With great power comes great ridiculousness, of course, and each emperor or empress exhibited his or her own brand. Below is a select list of Romanov tomfoolery, as chronicled by Michael Farquhar’s Secret Lives of the Tsars.
1. Russia’s second Romanov Tsar, Alexis, was known as gentle and mild tempered. But when a peasant was charged with leading a failed revolt in 1670, the peasant was whipped, branded with hot irons, tortured, and cut into quarters while still alive. Reputation changed.
2. Alexis's wife Natalya was especially bold. At a time when most women stayed hidden behind closed doors, she dared open the window of her carriage slightly.
3. While young brothers Ivan V and Peter I co-Tsared at the behest of a people’s revolt in 1682, older sister Sophia (who may have maneuvered the revolt) was behind them whispering instructions. Literally. She sat in a chair behind their thrones and whispered orders.
4. Peter the Great was a "hands-on" Tsar and was known to hack off his enemies’ heads himself.

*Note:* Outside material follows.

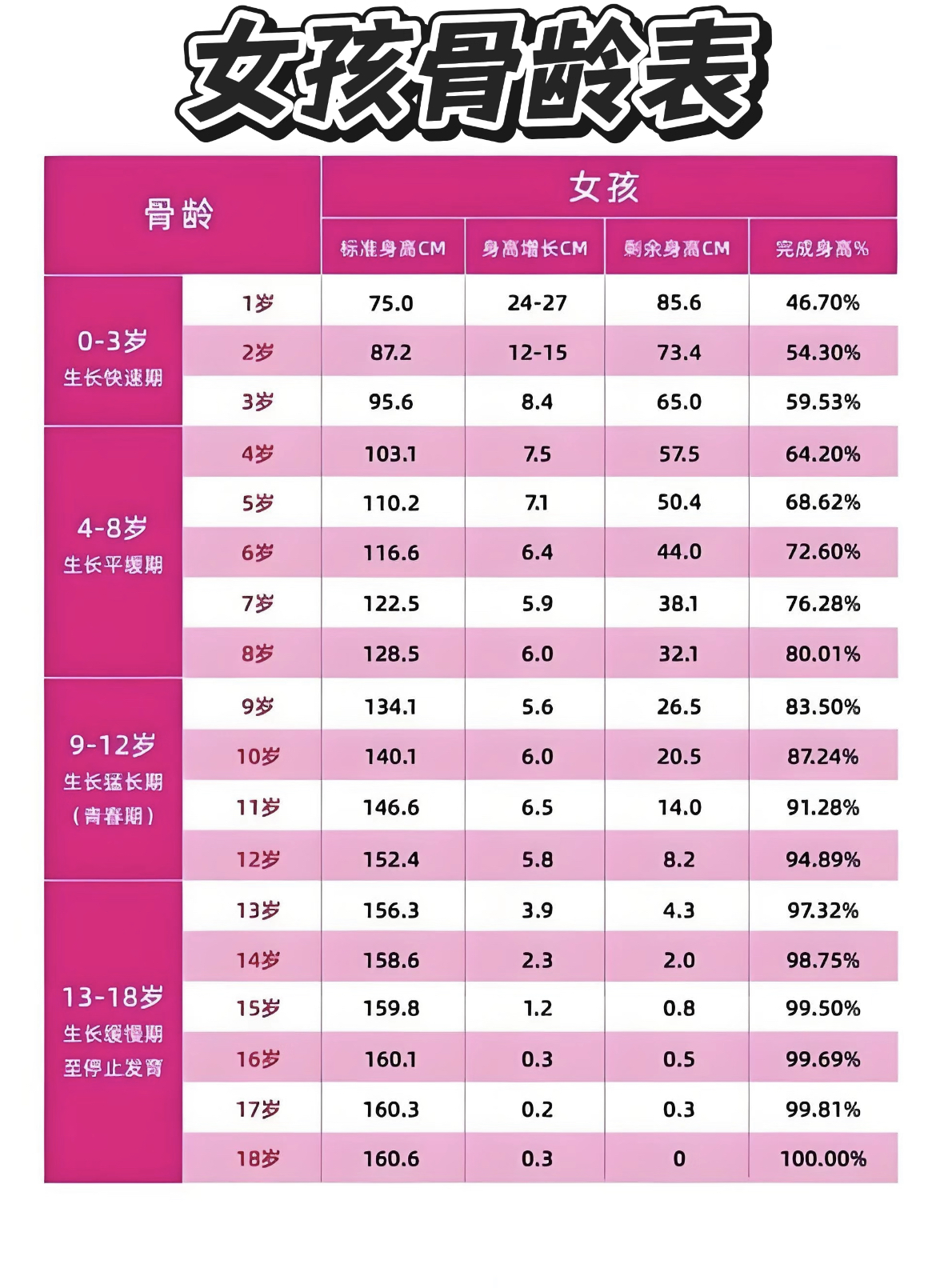 女孩14岁以前,身高就定型了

Most Tsars just hired executioners.
5. Peter the Great also had an affinity for education, and he took the opportunity of his mistress Mary Hamilton’s beheading in 1719 to show the crowd where her vertebrae, windpipe, and carotid arteries were.

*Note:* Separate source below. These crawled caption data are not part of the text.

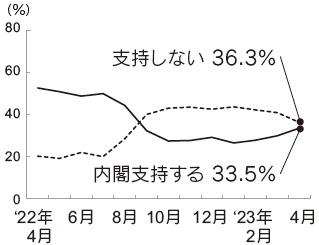 内閣支持率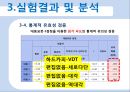 매체에 따른 읽기속도와 텍스트속독을 위한 획기적인 편집디자인 16페이지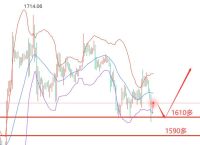 比特币价格今日行情分析与投资策略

6. Peter the Great loved dwarfs and kept many around at a time. He was even known to have a naked dwarf jump out of a giant pie for his amusement.
7. Even a Tsar can't escape the consequences of wild behavior: Peter the Great had gonorrhea.
8. Empress Anna was especially fond of firearms, and wild beasts were collected around Russia and brought to her estates so she could shoot them at will (along with any birds that might have been flying by).
9. Empress Anna had absurd inclinations, and she would force her noblemen to act as fools and sit in giant nests while covered in feathers. This was her idea of a fun time.
10. Gorgeous Empress Elizabeth at times ordered men to dress like women and women like men. She was fond of cross-dressing herself, but no one ever pulled it off as well as she did.
11. After a botched dye job, Empress Elizabeth had to shave her head. The empress would not have others walking around with full heads of hair, so all women in the court were made to cut theirs, too.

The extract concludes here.